Homework 2, due Fri 2017-02-03, 9am.
Write a program to multiply two 100x100 matrices. Do it the conventional way, not using anything fancy like Schonhage-Strassen. Now, see how much improvement you can get with OpenMP. Measure only the elapsed time for the multiplication, not for the matrix initialization.
Report these execution times, on geoxeon and parallel.
- W/o openmp enabled (Don't use -fopenmp. Comment out the pragmas.)
- With openmp, using only 1 thread.
- Using 2, 4, 8, 16, 32, 64 threads.
Write programs to test the effect of the reduction pragma:
- Create an array of 1,000,000,000 floats and fill it with pseudorandom numbers from 0 to 1.
- Do the following tests with 1, 2, 4, 8, 16, and 32 threads.
Programs to write and test:
- Sum it with a simple for loop.
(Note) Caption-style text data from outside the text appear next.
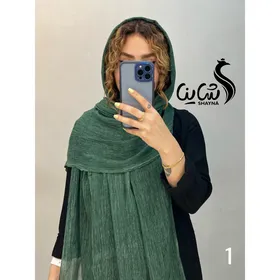 شال نخی کد 928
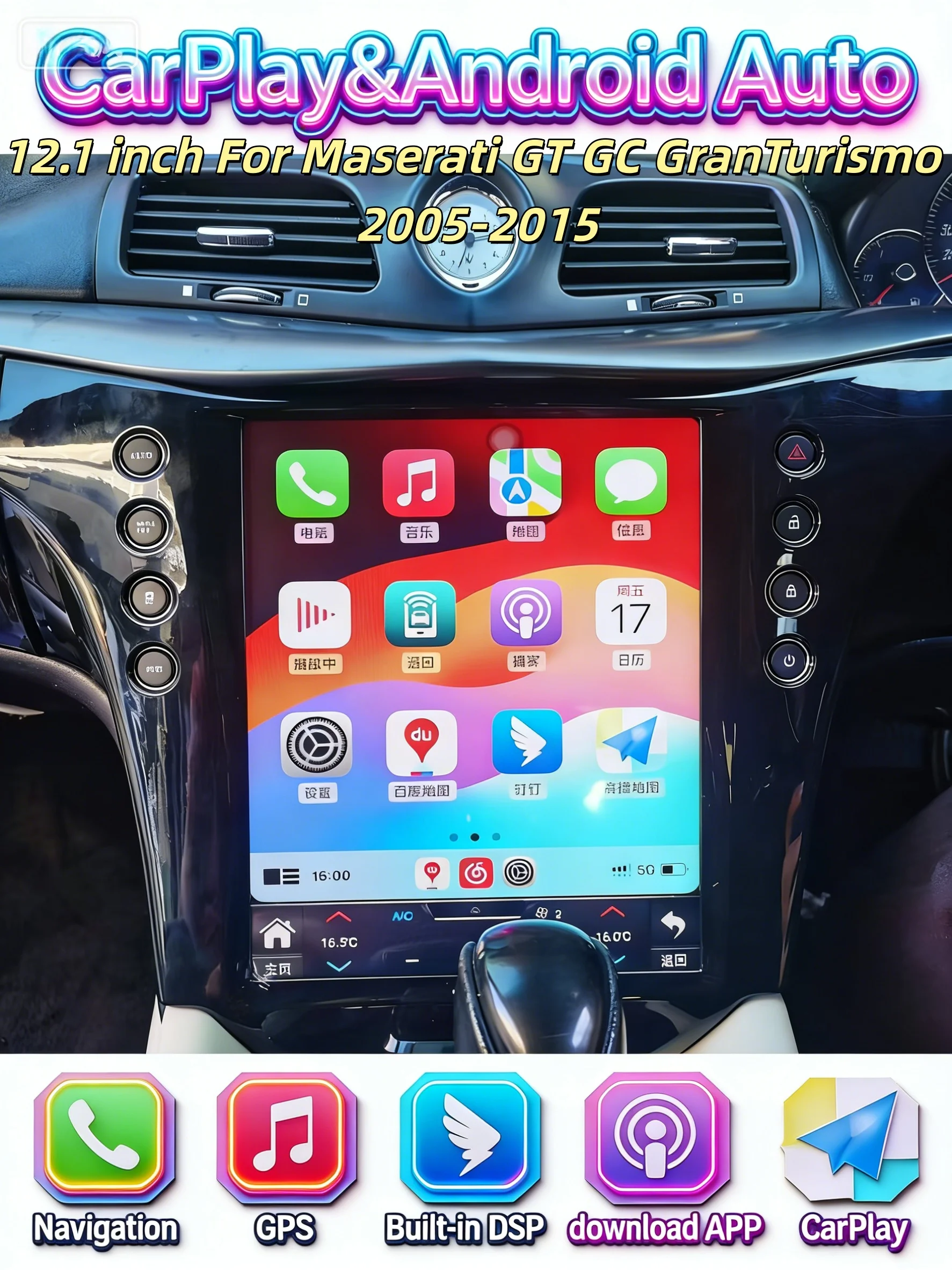 Android Multimedia … - image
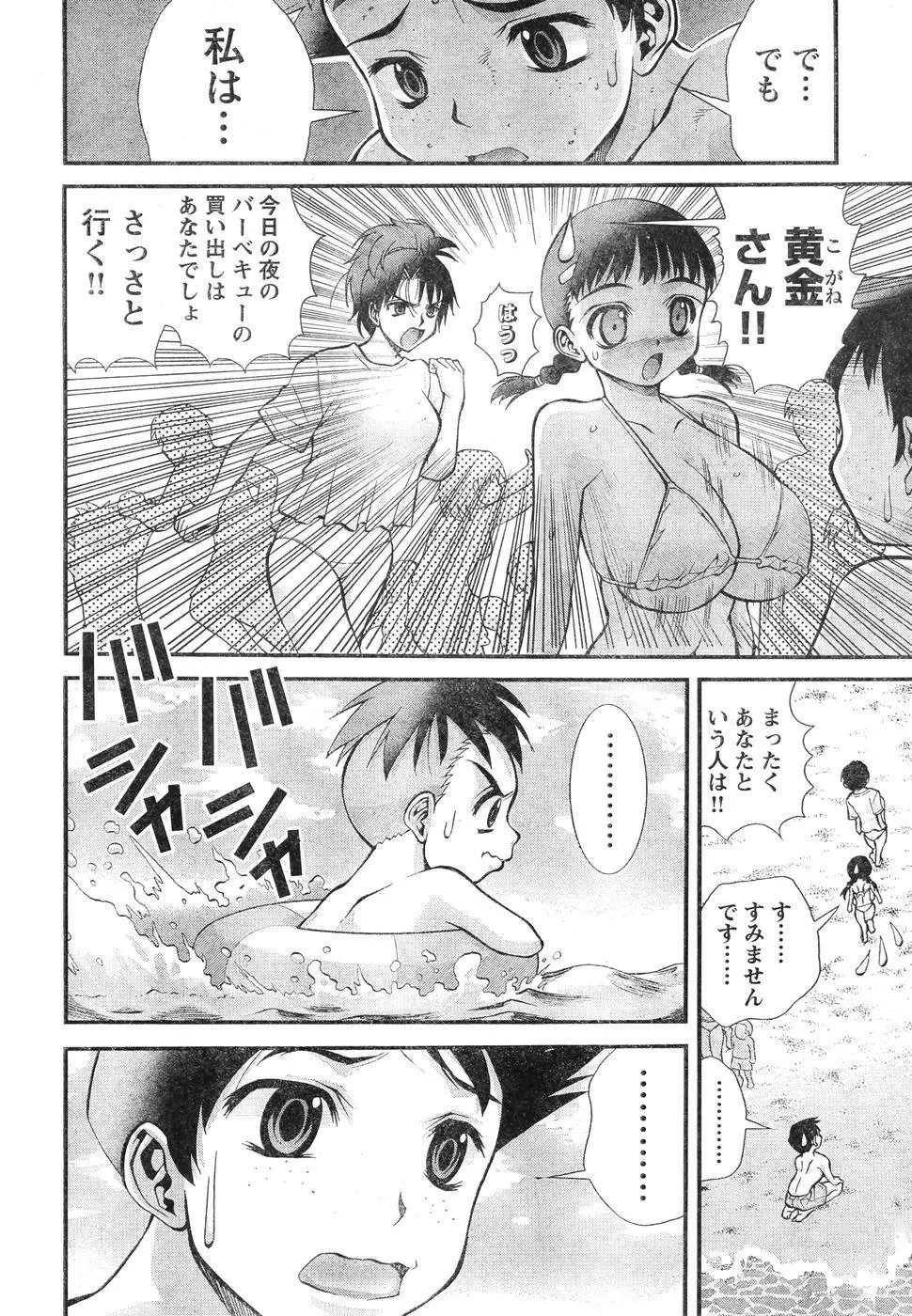 ヤングチャンピオン烈 Vol.07 Page.292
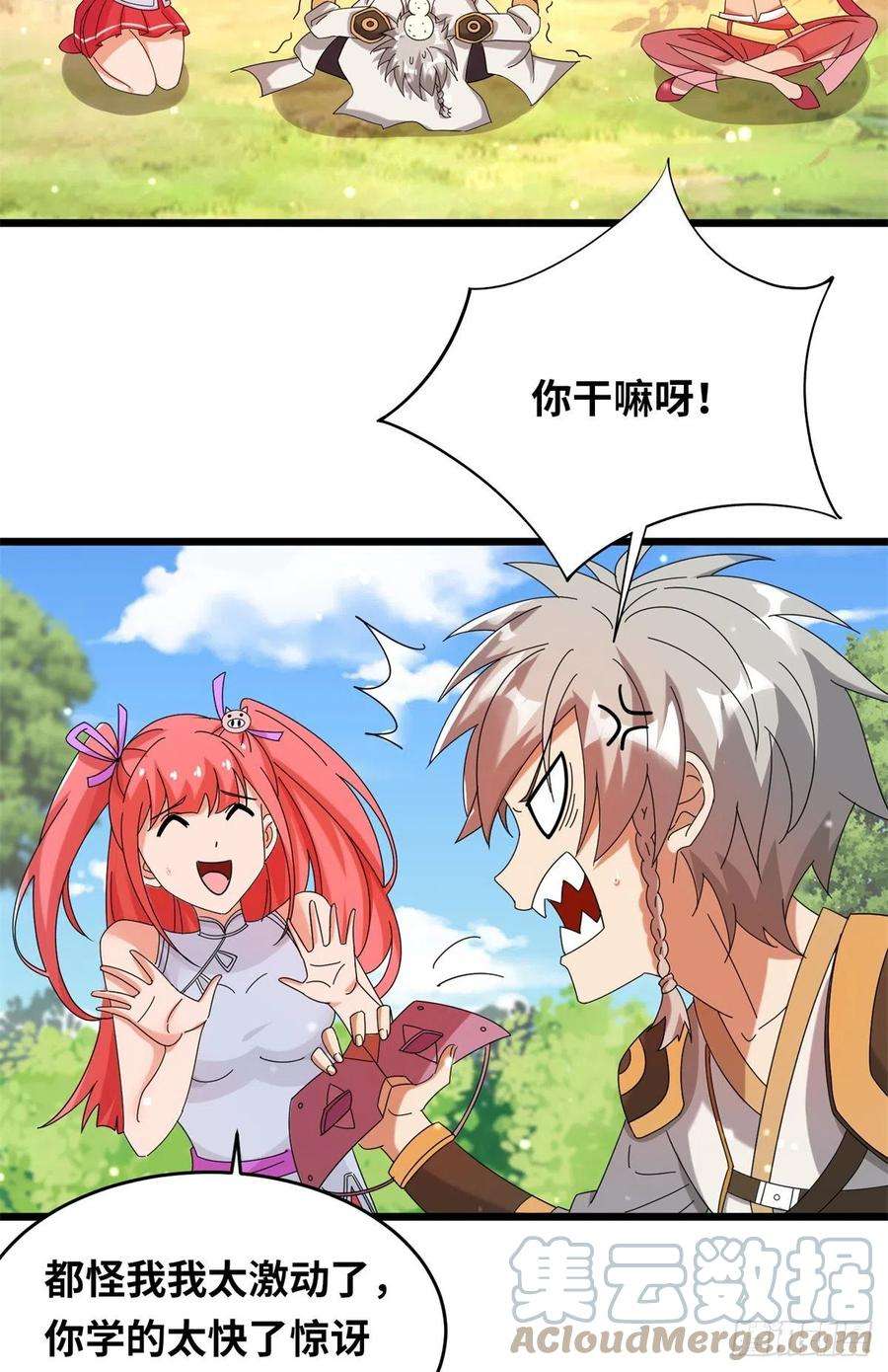 真武世界066 初试千军刀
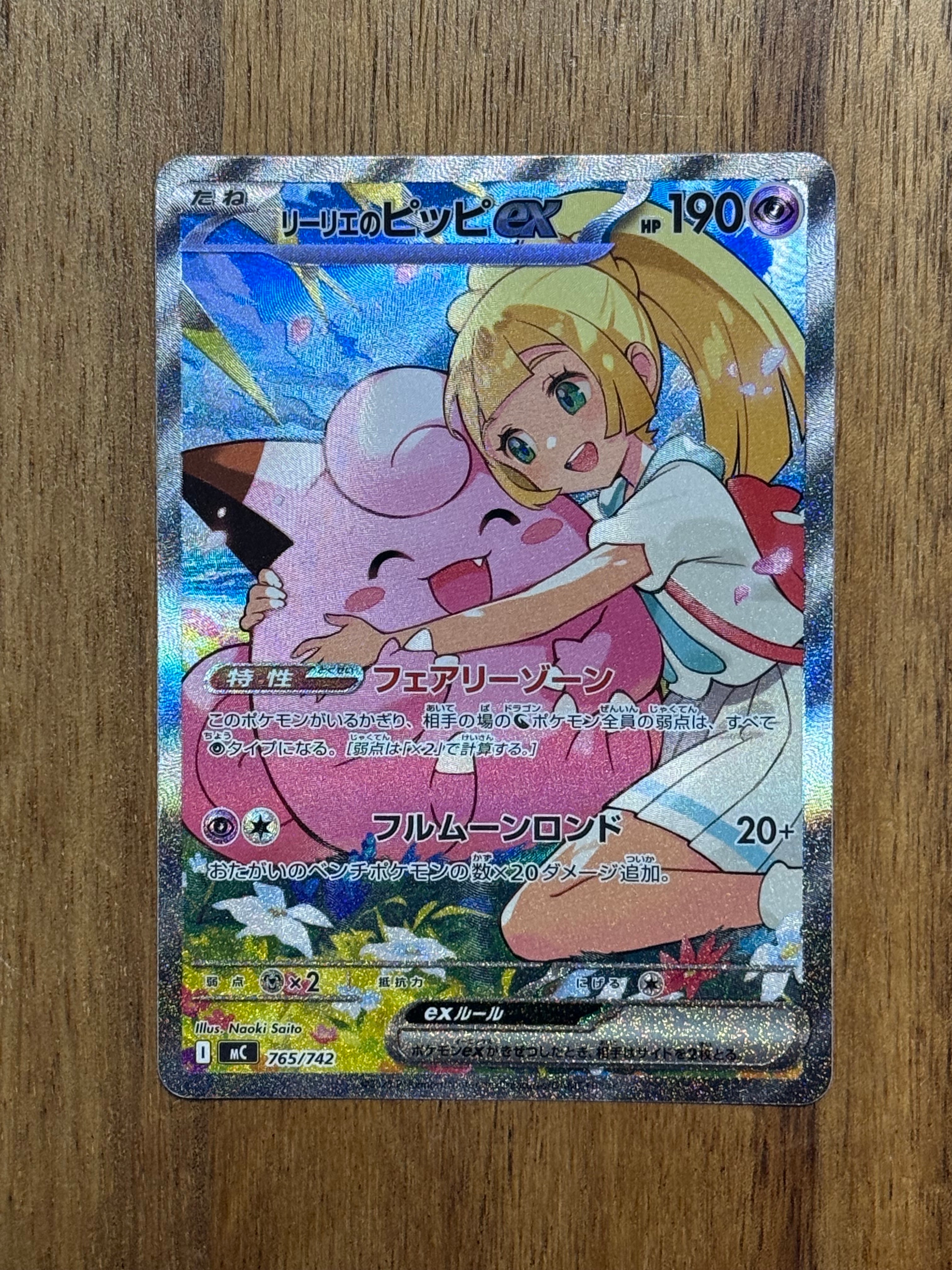 ファイヤー&サンダー&フリーザーGX HR[SM10b 066/054](強化拡張パック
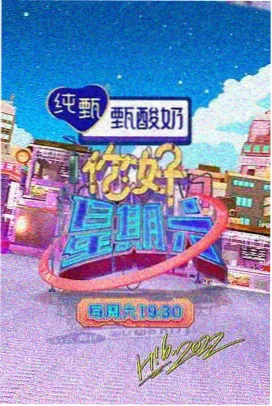 厨房奇遇记 生活综艺封面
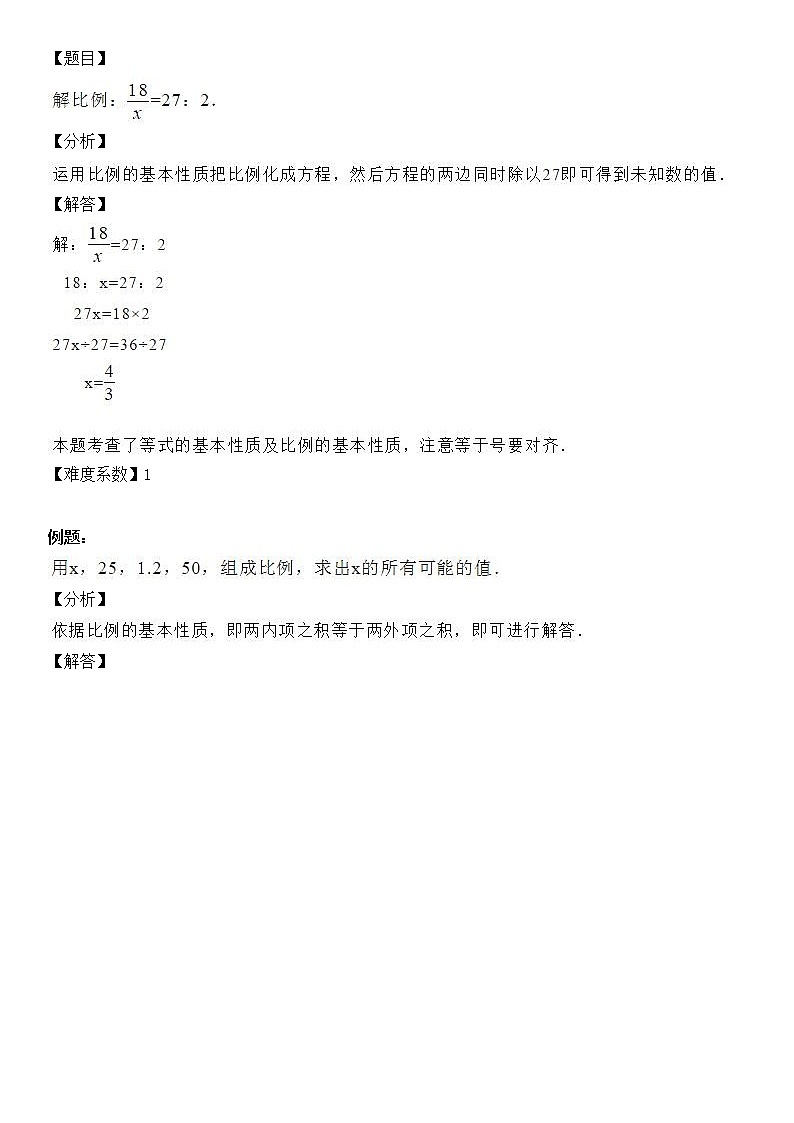 【精品讲义】六年级下册数学试题-同步讲练08：比例的基本性质（解析版）人教版02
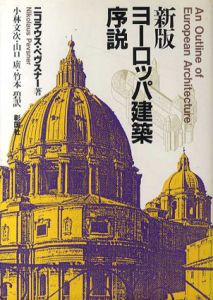新版 ヨーロッパ建築序説/ニコラウス・ペヴスナー　小林文次/竹本碧/山口広訳
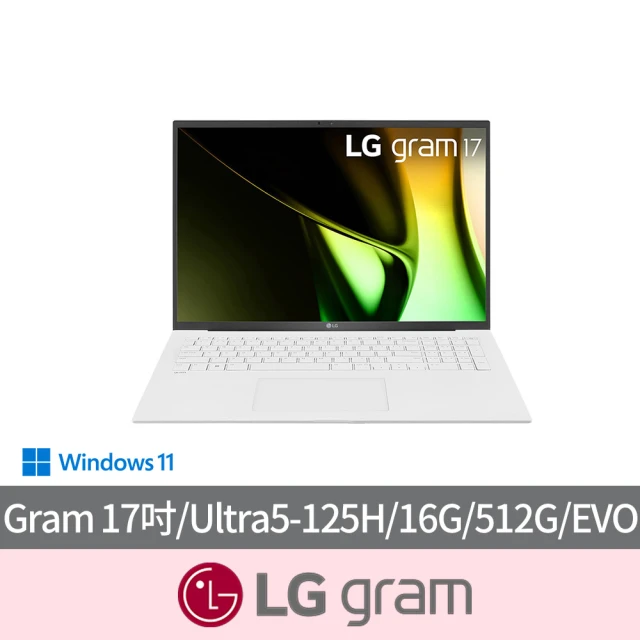 LG 樂金 Gram 17吋 Ultra 5 輕薄AI筆電(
This will give a wrong answer with more than 1 thread, but is fast.
- Sum it with the subtotal variable protected with a atomic pragma.
- Sum it with the subtotal variable protected with a critical pragma.
- Sum it with a reduction loop.
Devise a test program to estimate the time to execute a task pragma. You might start with use taskfib.cc.
Sometime parallelizing a program can increase its elapsed time. Try to create such an example, with 2 threads being slower than 1.